Association between atopic dermatitis and extracutaneous bacterial and mycobacterial infections: A systematic review and meta-analysis

Document Type

Journal Article

Publication Date



Journal of the American Academy of Dermatology








atopic dermatitis; eczema; serious infection; severity; systematic review


© 2018 American Academy of Dermatology, Inc. Background: Atopic dermatitis (AD) is associated with increased bacterial colonization and infection of skin and multiple risk factors for extracutaneous infections. However, previous studies found conflicting results about whether AD is associated with increased extracutaneous infections. Objective: To determine whether extracutaneous bacterial and mycobacterial infections are increased in AD. Methods: A systematic review was performed of all published observational studies with controls in MEDLINE, EMBASE, Global Resource of EczemA Trials, Cochrane, and Web of Science that assessed extracutaneous infections in AD. Pooled meta-analysis was performed by using random-effects weighting. Results: Overall, 7 studies met inclusion criteria. All 7 studies found an increased odds for at least 1 extracutaneous infection, including endocarditis, meningitis, encephalitis, bone and joint infections, and sepsis, in AD patients.

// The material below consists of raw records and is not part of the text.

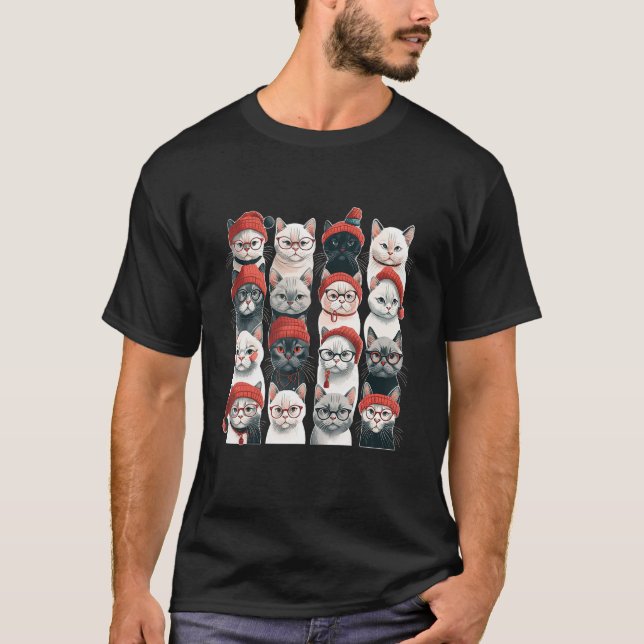 Cute Cat Christmas Santa Hat Animal Illustration T-Shirt (Front)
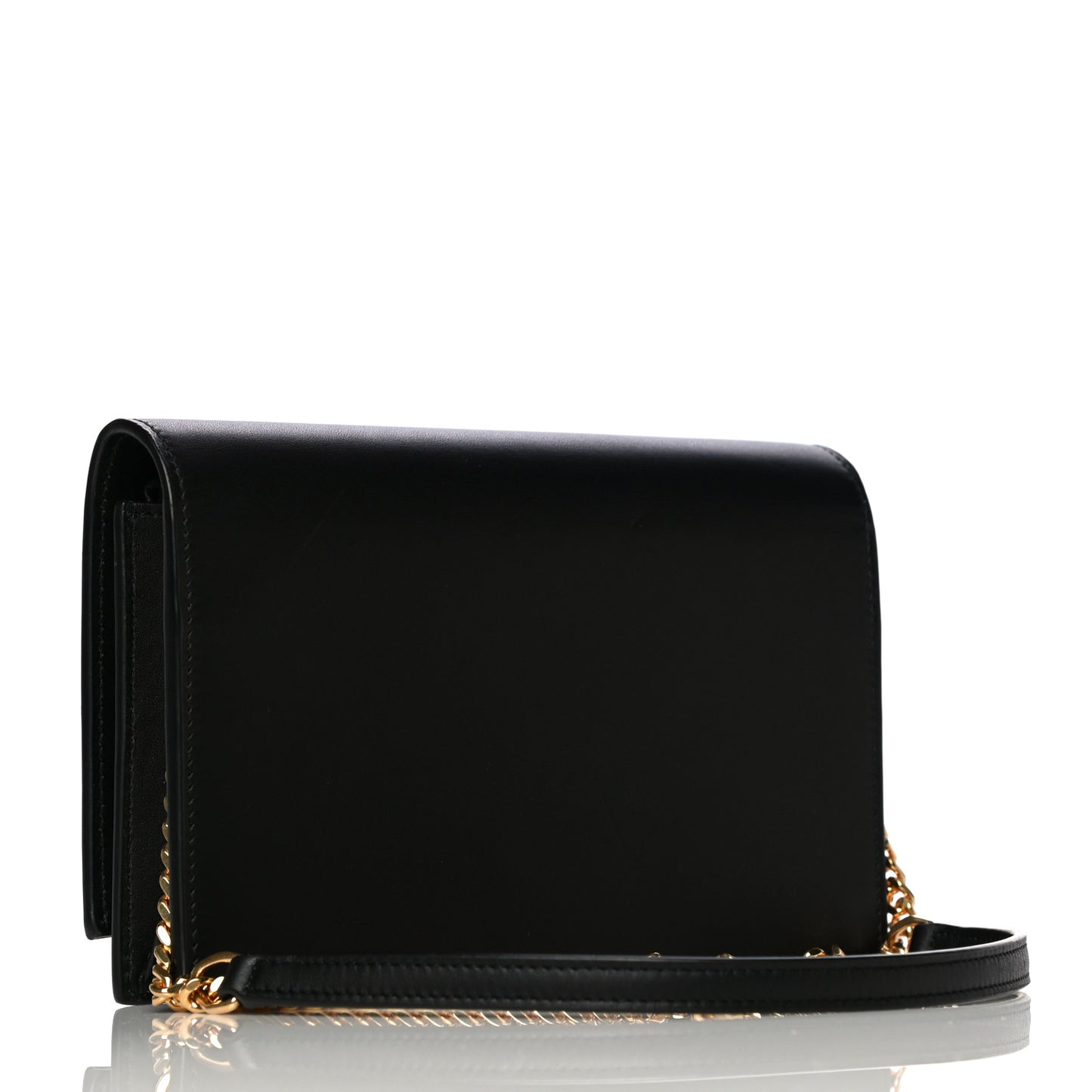 Smooth Calfskin Classic Monogram Kate Tassel Chain Wallet Black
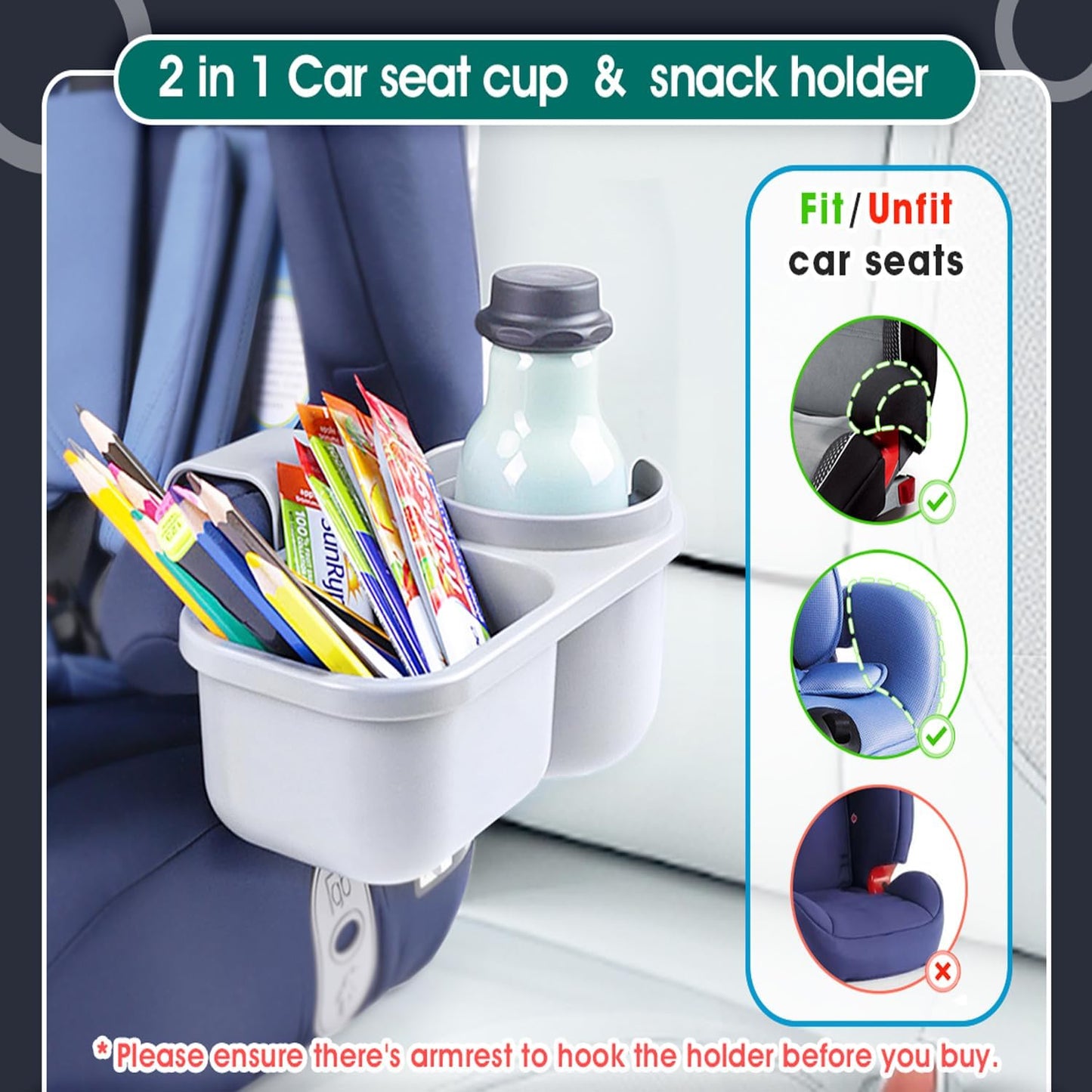 SnackPod Child Cup & Snack Holder for Convertible Car Seats & Strollers - BPA Free - Grey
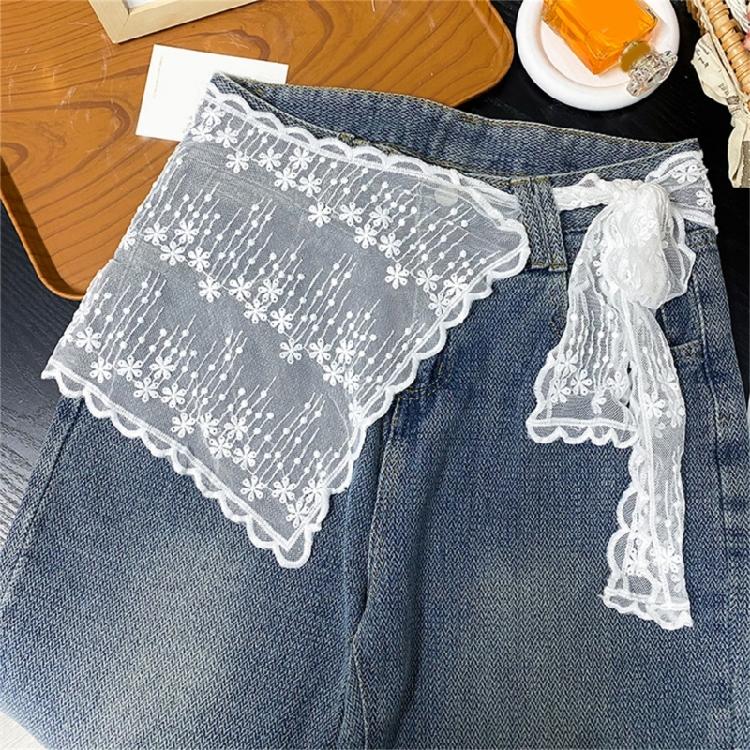 Women's Fashion Flower Lace Shawl Wrap Scarf Tie Knot Front Shoulder Covering Capelet Faux Collar Scarves Waist Belt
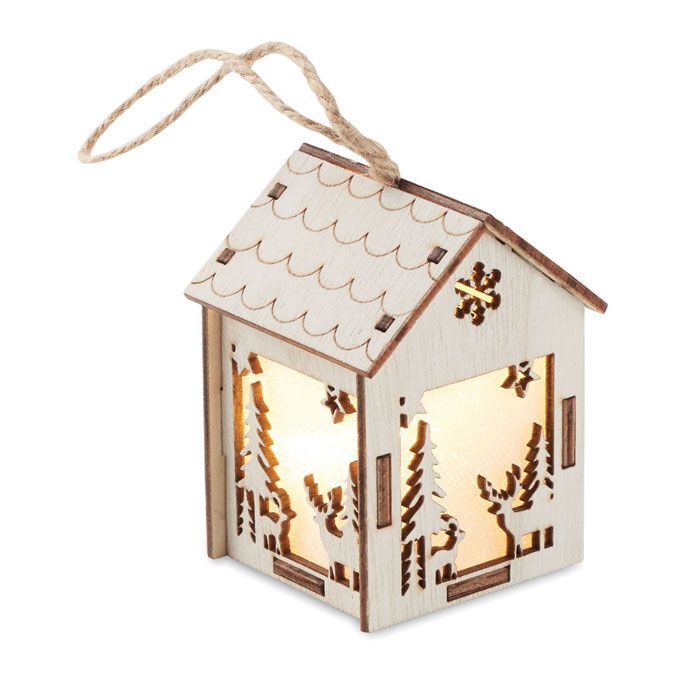 Anhänger Haus mit Licht -40 PONIA - holz-253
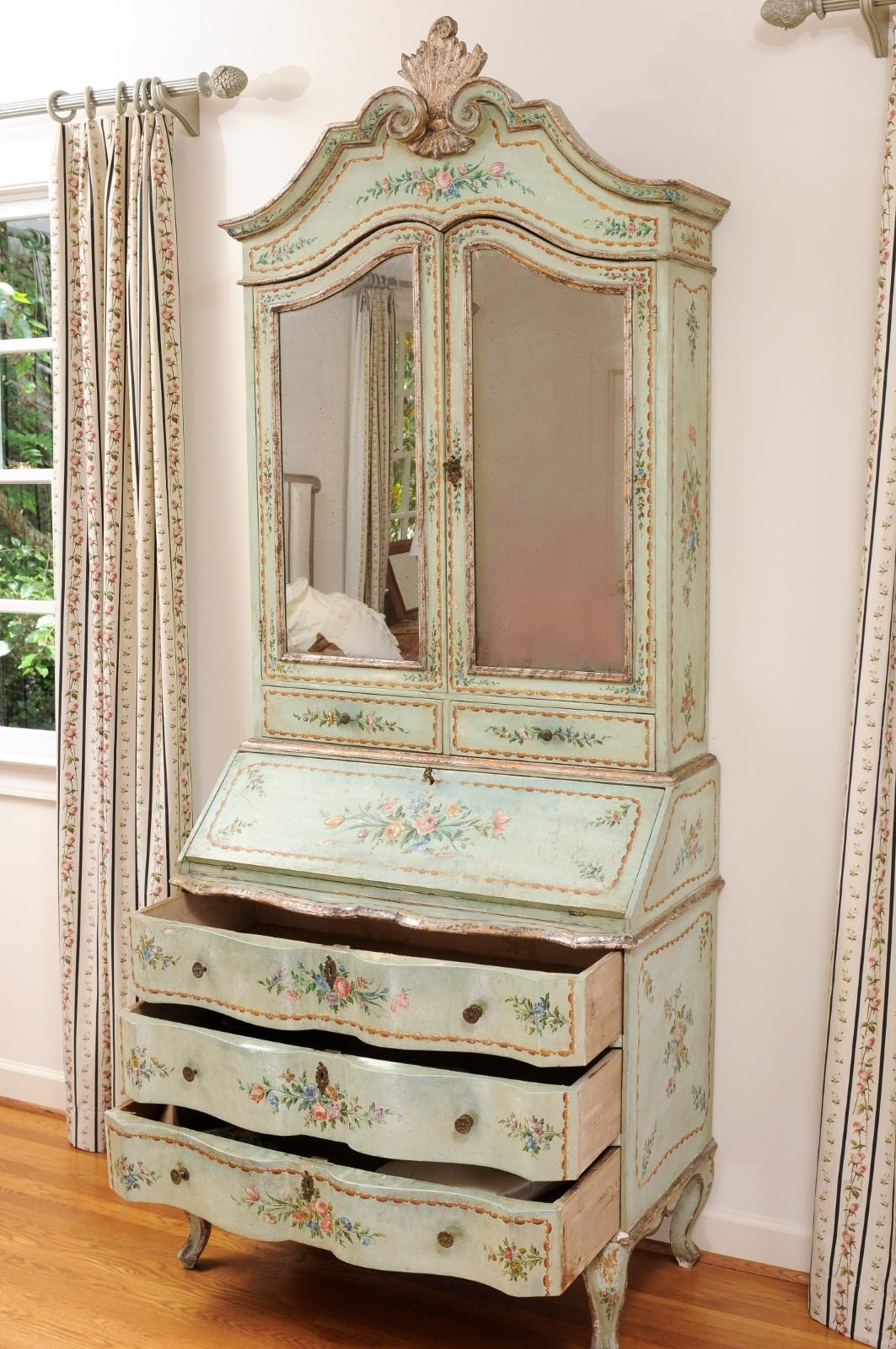 Italian 1850s Rococo Style Tall Secretary with Slanted Desk and Original Paint For Sale 5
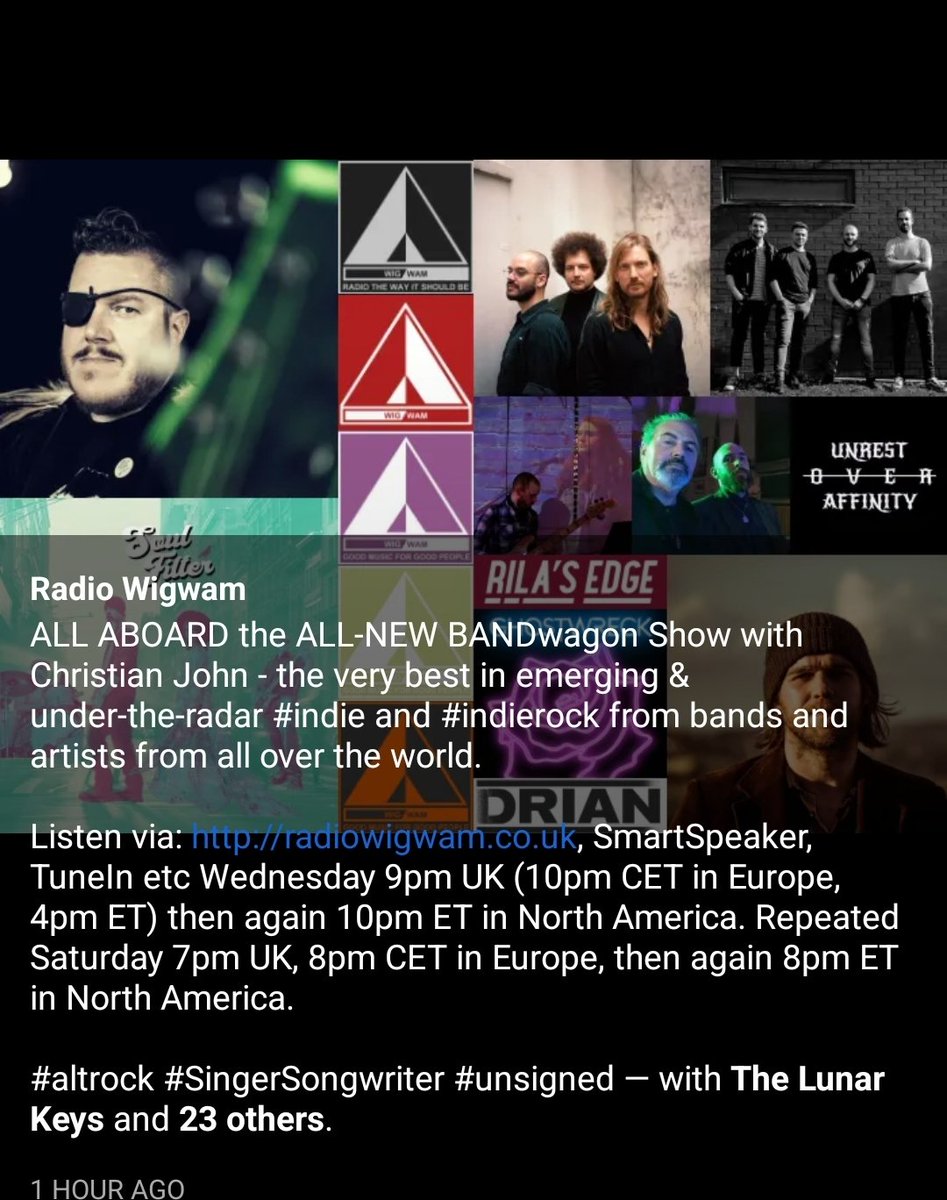 Our song whiskey in the water is gonna be played on radio wigwam this coming Friday 9pm check it out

In pooled meta-analysis, AD in children and adults was associated with a higher odds of ear infection (odds ratio [OR] 1.29, 95% confidence interval [CI] 1.16-1.43), strep throat (OR 2.31, 95% CI 1.66-3.22), and urinary tract infection (OR 2.31, 95% CI 1.66-3.22) but not pneumonia (OR 1.72, 95% CI 0.75-3.98). No publication bias was detected. Limitations: Individual-level data were not available. Conclusion: AD patients have higher odds of extracutaneous infections. Future studies are needed to confirm these associations and determine their mechanisms.